Figure 3 shows the effects of falsely positive and falsely negative comparison errors on the apparent performance of a perfect test. In this simulation, there is no overlap between negative Truth ground and Ground Truth positive patients. The test is accepted 100% accurately, so that the reduced test performance values shown below different comparison default rates are purely the result of uncertainty in the reference value. Differences between 0 and 20% in the non-ranking rate of comparisons result in a monotonous decline in CSAs and other performance indicators. Figure 3 also shows that the decrease in apparent test power observed due to comparison noises can be expressed in relation to the maximum possible test power, in the absence of comparison noises. As more and more people are exposed to COVID-19 and effective vaccines are being put online, the prevalence of SARS-CoV-2 antibodies will increase in the population, making positive individual test results more trustworthy. Bayes` theorem limits the accuracy of screening tests based on the prevalence of the disease or the likelihood of pre-testing. It has been shown that a test system can tolerate significant decreases in prevalence, to some extent well defined, known as the prevalence threshold, below which the reliability of a positive test drops abruptly. However, Balayla et al.  have shown that sequential tests over the aforementioned Bavarian borders and thus improve the reliability of screening tests. Figure 4 shows a less idealized diagnostic scenario, in which there is a small degree of overlap between positive Ground Truth and ground Truth positive patients.
We look at such a typical high performance test and appreciate the deterioration of apparent test power under increasing uncertainty conditions. Panel A shows the distribution of test results against soil truth. Panel B shows the expected decrease in all test performance parameters as a monotonous function of increasing comparison uncertainty. Note the generally worse apparent test performance of Figure 4 at all levels of comparative classification compared to Figure 3, where ground Truth negative and Ground Truth positive patients do not overlap in diagnostic test results. if a “true positive” is the event that the test makes a positive prediction, and that the subject has a positive result under the gold standard, and a “false positive” is the event that the test makes a positive prediction, and that the subject has a negative result under the gold standard. The ideal value of the APP, with a perfect test, is 1 (100%), and the worst possible value would be zero. The FDA has issued nine COVID-19 antibody tests for Emergency Use Authorization (EEA). The application document (IFU) for each test indicates its sensitivity and specificity in the form of a positive percentage agreement (AEA) or a negative percentage agreement (NPA) with a chain reaction test by reverse transcription polymeraosis (RT-PCR) and 95% confidence intervals (IC) for each value.
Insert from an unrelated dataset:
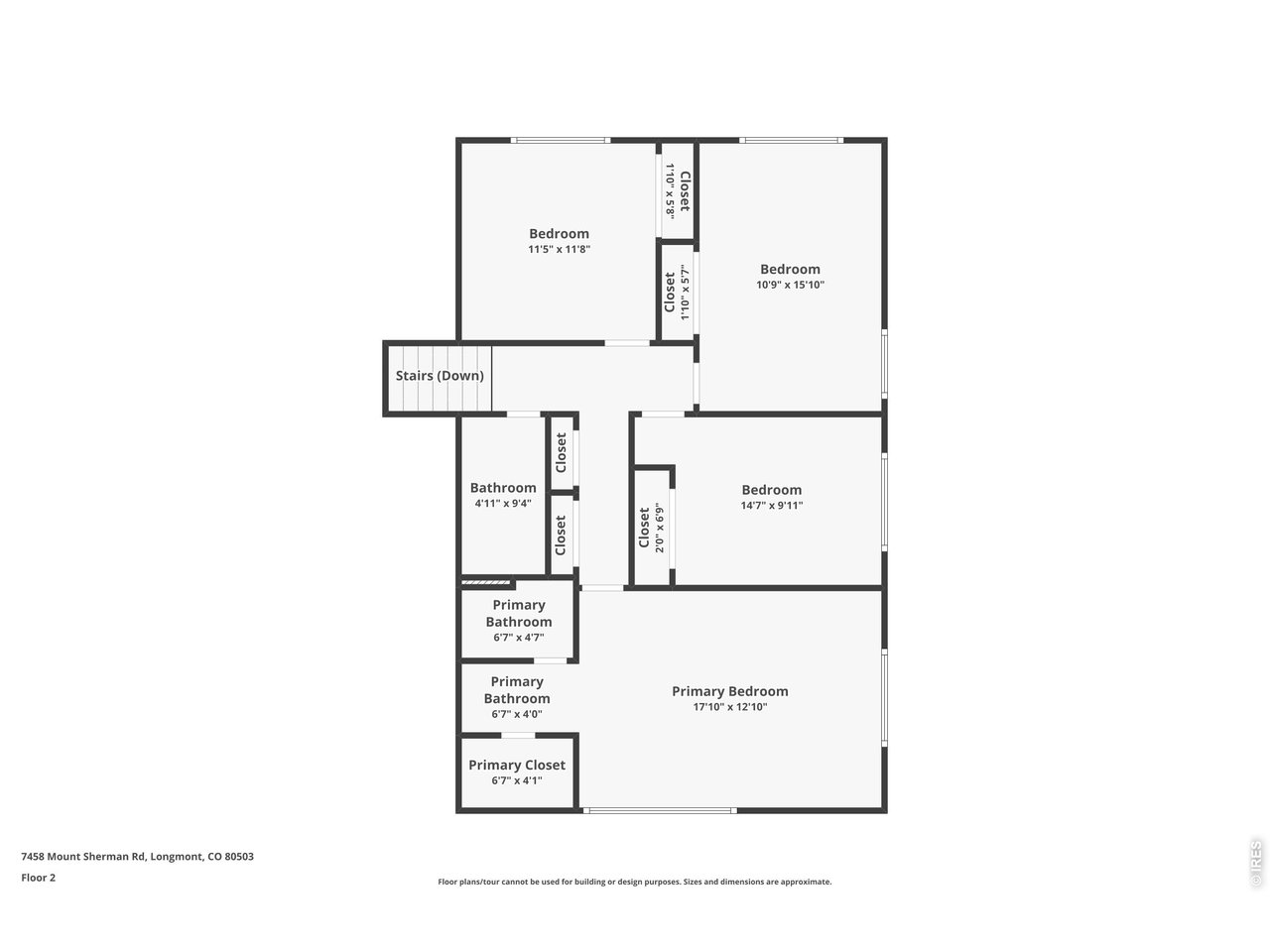 7458 Mt Sherman Road Longmont, CO 80503 - Photo 41 of 43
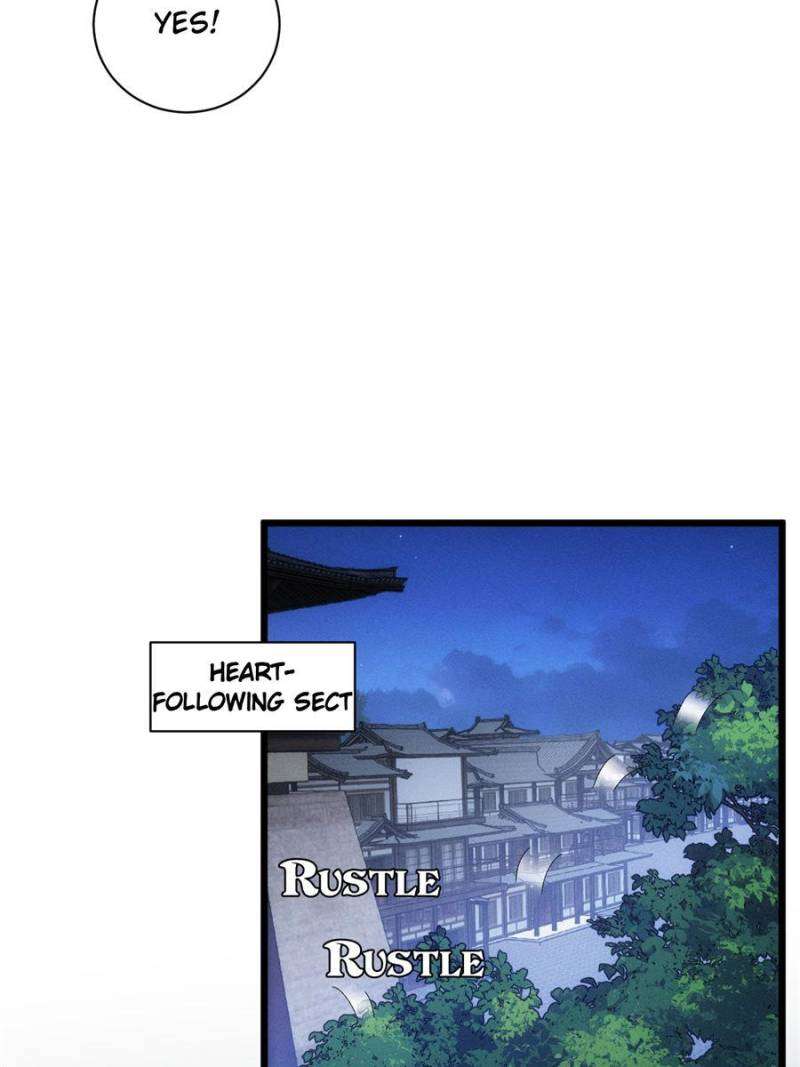 I Determine My Own Destiny Chapter 296 page 26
An objective definition of sensitivity and specificity requires a generally accepted standard of reference, defined as the best available method for determining the existence or absence of a target condition.
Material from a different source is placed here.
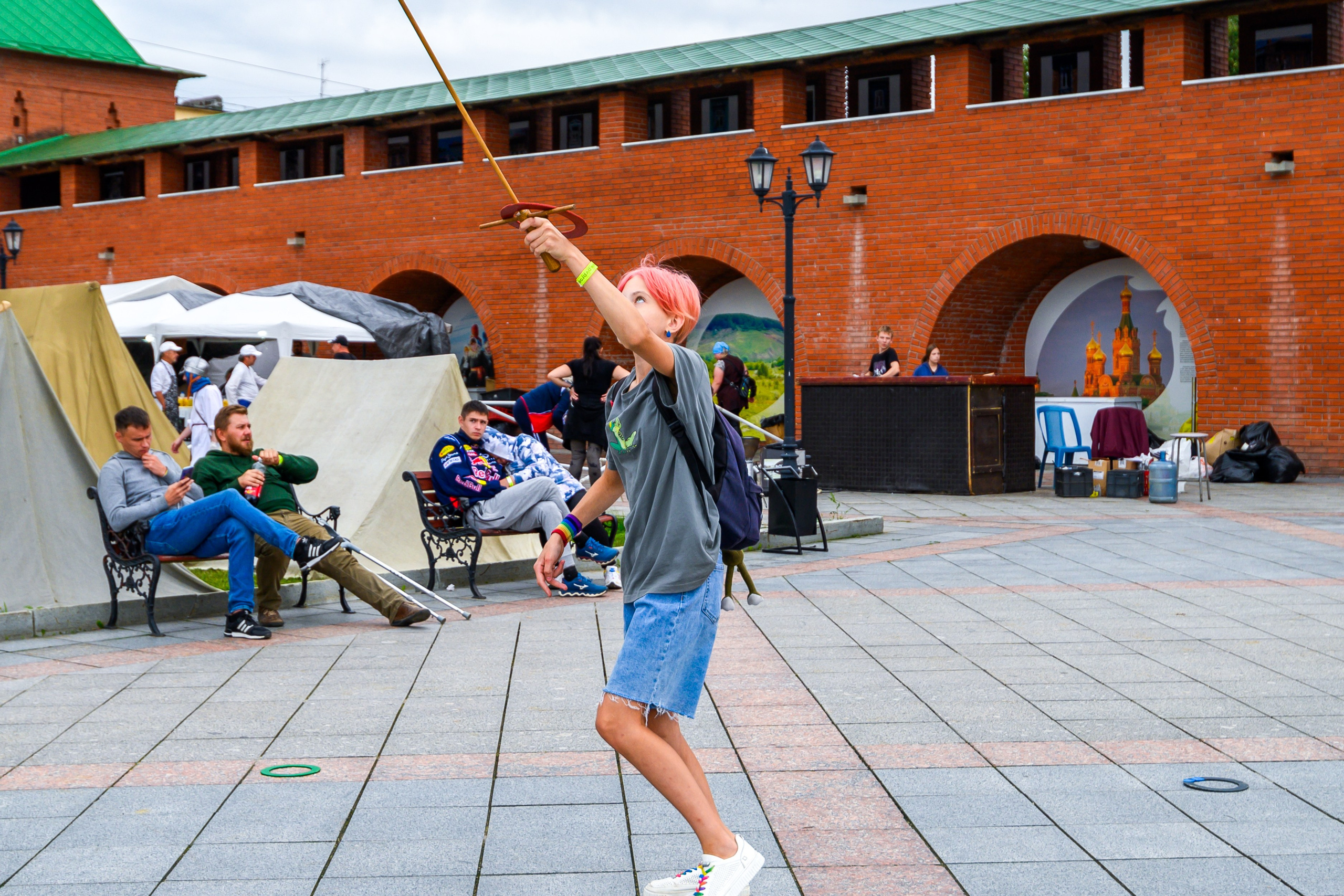 Фестиваль «Битва Эпох 2024» День 2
A comparator may have an intrinsic property or boundary that allows it to render a broad distribution of values relative to the truth ground that is measured. An example is shown in Figure 1. Suppose a particular condition is characterized by a variable with a continuous normal distribution at the ground truth level, and that cutoffs have been defined to identify rare events (positive or negative calls) at the tail of the distribution.